The changes would also grant more copying powers to educational facilities for non-commercial use.
news.com.au has more on the story.
Home recordings to be made legal
From: The Sunday Telegraph
May 14, 2006
MUSIC fans will be able to legally record their CD collections onto iPods and MP3 players under a raft of proposed changes to Federal Government copyright laws.
Taping TV and radio programs and using copyright material for parody or satire will also be legalised as part of the reforms.
And in a move expected to be welcomed by artists, the Government plans to introduce new enforcement measures to combat piracy.
The changes are part of a major overhaul of copyright laws to be announced today by Attorney-General Philip Ruddock in response to millions of Australians who effectively break the law every time they reproduce copyright material for personal use.
The key changes relate to the recording of copyright material from CDs, audio tapes or vinyl records onto an MP3 player or home computer.
Under existing laws, people copying material risked being sued by the copyright owner.
For someone who had copied their entire CD collection onto an MP3 player, the damages could, theoretically, be in the thousands.
The reforms will also mean people can legally dub old VHS cassettes onto a DVD. However, the Government is still reviewing whether to extend the exemption to recording DVDs onto other devices.
Other exemptions will relate to the use of copyright material for non-commercial purposes by schools, universities and libraries.
The Government wants to crack down on those who are using the material to make a profit or causing significant losses by distributing other people’s property.
The new penalties will include on-the-spot fines, while the Government will also make it easier to establish copyright piracy in legal cases.
The announcement has been made, and seems to be more or less what was said above, however one thing stands out at me, and that is that the statutory cap on licence fees for recordings played on the radio has been removed. I haven’t checked the exact details of this, but if it is as it sounds, then this will mean radio stations may face higher costs. Whether or not advertisers will be willing to cover the excess is a mystery.
From The Age:
Govt eases digital copyright laws
May 14, 2006 – 5:49AM
Australians can legally record TV and radio programs and transfer material from compact discs to mp3 players under new copyright reforms.
Federal Attorney-General Philip Ruddock said the significant copyright reforms would make laws fairer for consumers and tougher on copyright pirates.
“Copyright is important and should be respected,” Mr Ruddock said.
“That is why the government is updating our laws to keep pace with technology.”
Under the new laws, it will now be legal for people to tape their favourite television or radio programs for viewing by family and friends.
But recordings must not be sold or hired nor played at school or to public audiences.
“These are commonsense amendments which will maintain Australia’s copyright laws as the best in the world for the benefit of our creators and other copyright owners,” Mr Ruddock said.
The reforms also legalise format-shifting of material including music, newspapers and books onto iPods or mp3 players.
Copyright material also will be able to be used for parody or satire.
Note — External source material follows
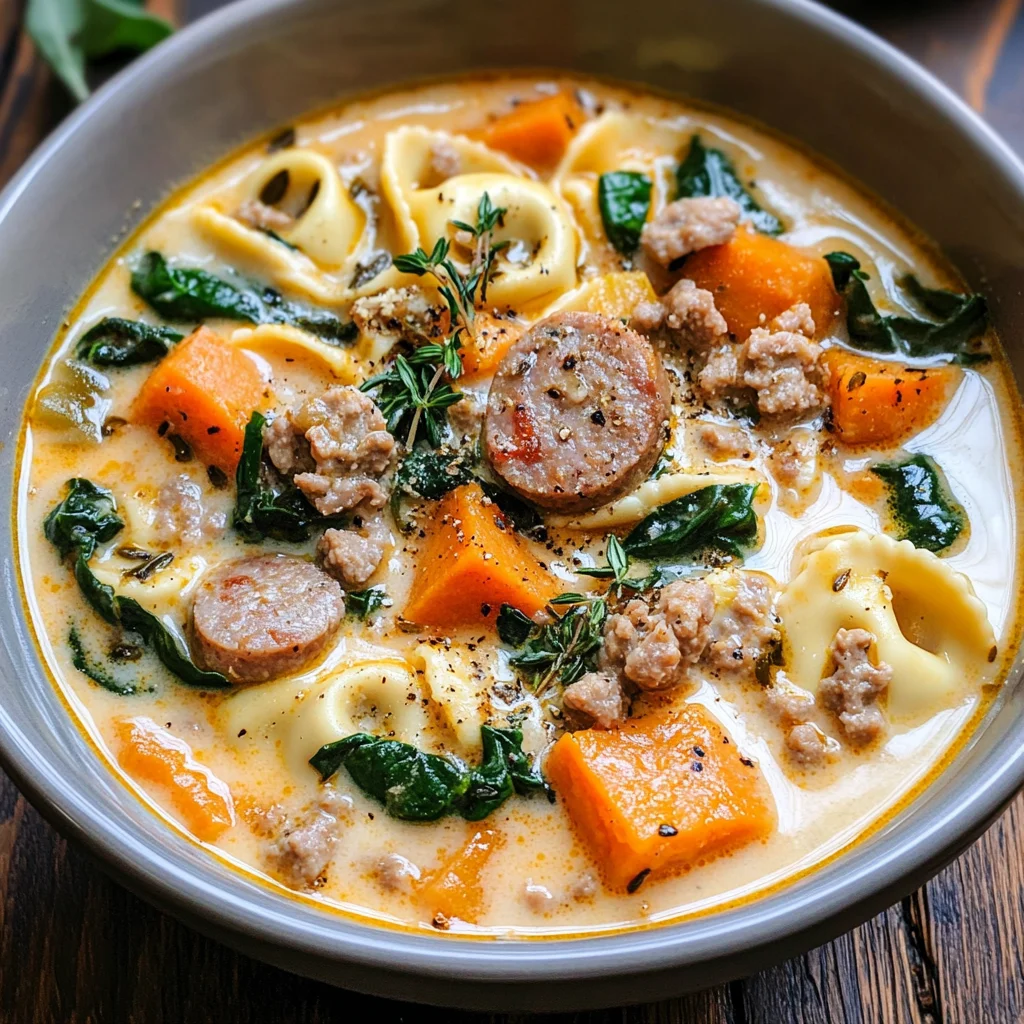 Creamy Sausage Tortellini Soup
Mr Ruddock said the laws would provide new enforcement measures to combat copyright piracy including on-the-spot fines, proceeds of crime remedies, a change in presumptions in litigation to make it easier to establish copyright piracy.
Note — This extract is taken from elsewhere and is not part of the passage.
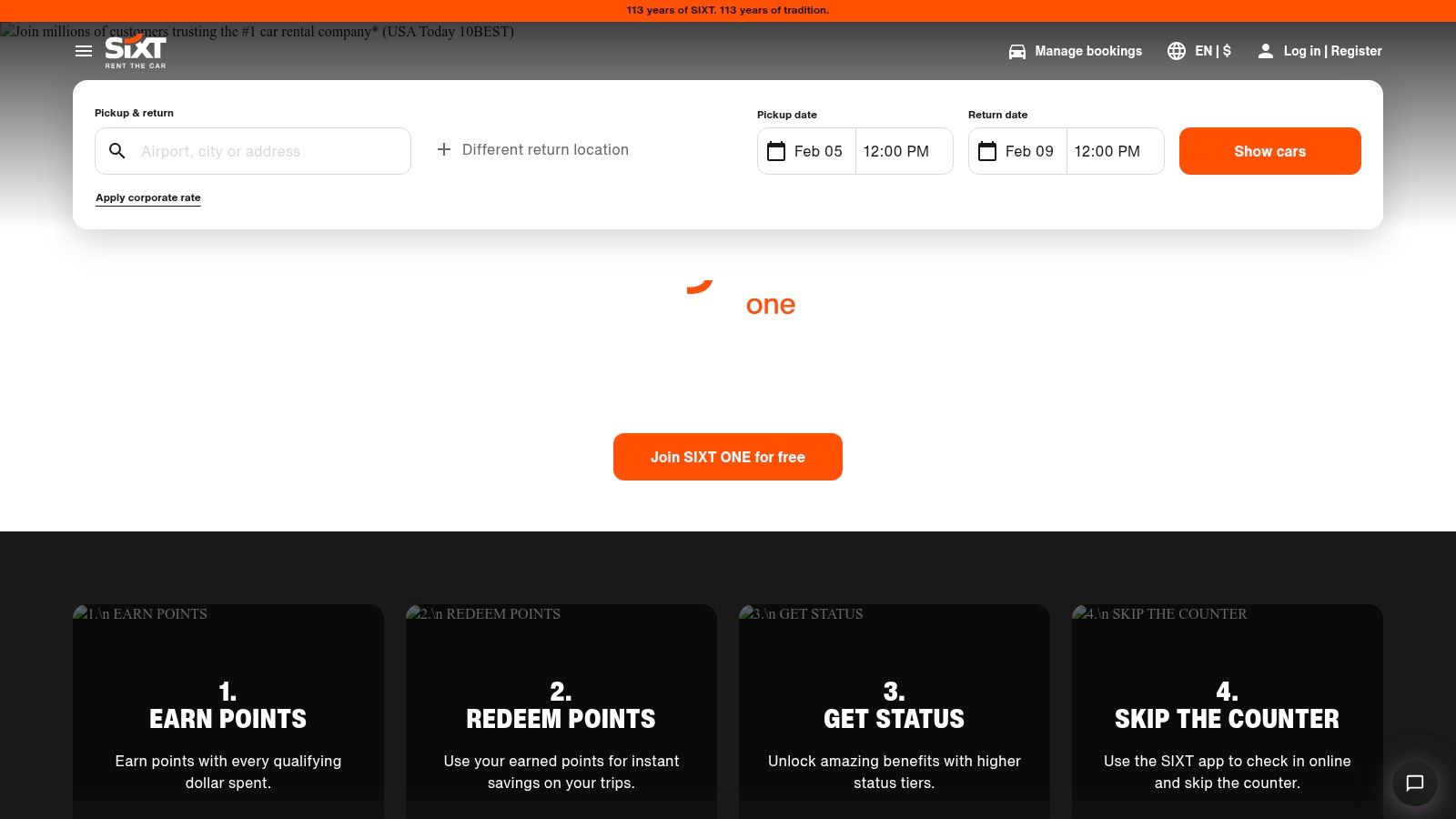SIXT – SIXT ONE Rewards Program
“Everyday consumers shouldn’t be treated like copyright pirates,” Mr Ruddock said.
The government also has removed the statutory cap on licence fees paid by radio broadcasters for using sound recordings.
“There is no reason why a statute should determine what the rate should be for music played on the radio,” Mr Ruddock said.
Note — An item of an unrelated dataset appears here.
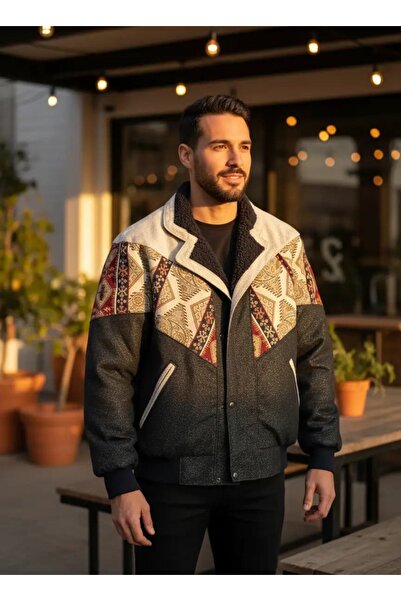 CANMODA (7895) Recien Unisex Fur Collar Vintage Aztec Jacket Oversize 90S Coa...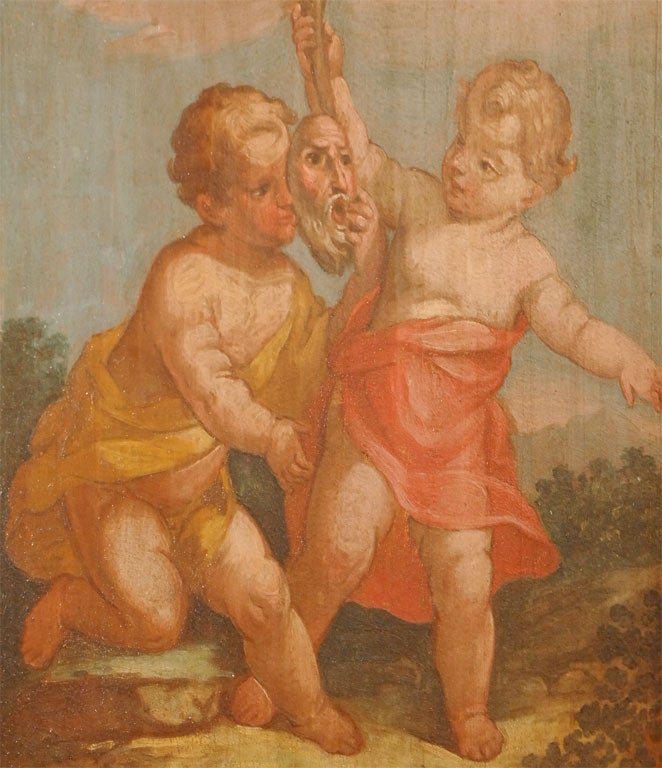 Italian Pair of oils on panel, paintings of putti For Sale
The Phonographic Performance Company of Australia (PPCA), which represents Australian recording artists and record labels, welcomed the new reforms.
PPCA chief executive Stephen Peach said the government should be congratulated on the decision to allow recording artists fairer returns on their music.
“We have felt strongly for some time that artists and labels were not receiving a fair return from commercial radio,” Mr Peach said.